When a wealthy art collector, Fournier, goes missing from his cabin in Montreal, Angel, a young woman working with a wolf conservation program nearby, notifies search and rescue, but she has had her own reasons for watching him. Meanwhile, Cora, an artist whose recent exhibition has been highly controversial, knows something about his disappearance and has fled the country. And her daughter Freya is facing the brunt of the press who think she is the subject of her mother’s latest work, leading her to start looking for answers that may change everything.
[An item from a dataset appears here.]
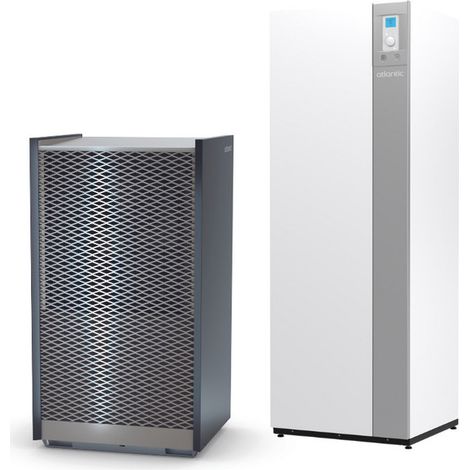ATLANTIC - Ensemble Pompe à chaleur Air / Eau Monobloc IXTRA M DUO 15 Monophasé - ATLIXTRAMDUO15M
It’s a mystery thriller that is set across three continents, the UK, South Africa and Canada, and impacting the lives if three very different but linked women. The chapters alternate between them, and the book is all about slowly piecing the backstory together and figuring out who knows what and what’s really going on, why the man is not an innocent victim. Like domestic thrillers, we slowly get clues to the story as we go along, from different characters, leading to a dramatic conclusion. The author, Margie Orford, is a well known journalist and author of the Clare Hart mysteries. She has been called the Queen Of South African crime fiction, though I saw online that this is her first book in almost a decade, which is intriguing.
I love coming across crime and mystery series from different countries, so I thought this one was really intriguing. I really like the way Orford writes and her sense of character and plotting, so I’ll definitely be looking for some of the mysteries she has previously written. That said, I found the plotline with Freya didn’t really add anything to the story and went nowhere. You could cut these chapters and have the same story, and it meant that the story sometimes slowed down when I would have liked more tension.
The book has themes of sexual assault, child molestation, self harm and there’s also a few scenes where I felt a bit worried about a canine character. It wasn’t overly graphic, as far as these books go, but it was obviously pretty upsetting and may not be a theme that all readers want to read about. I wonder about the way that so many books have a child molestation plotline now and if that’s going to become desentising after a while.
On the whole, I liked this book and this author, and found the book generally entertaining and interesting. I would read this author again.
Read It If: As mentioned above, this one may have some themes and imagery that are not for some readers, but this is on the whole a good mystery read.
Thank you to the publisher for the ARC of this book for review.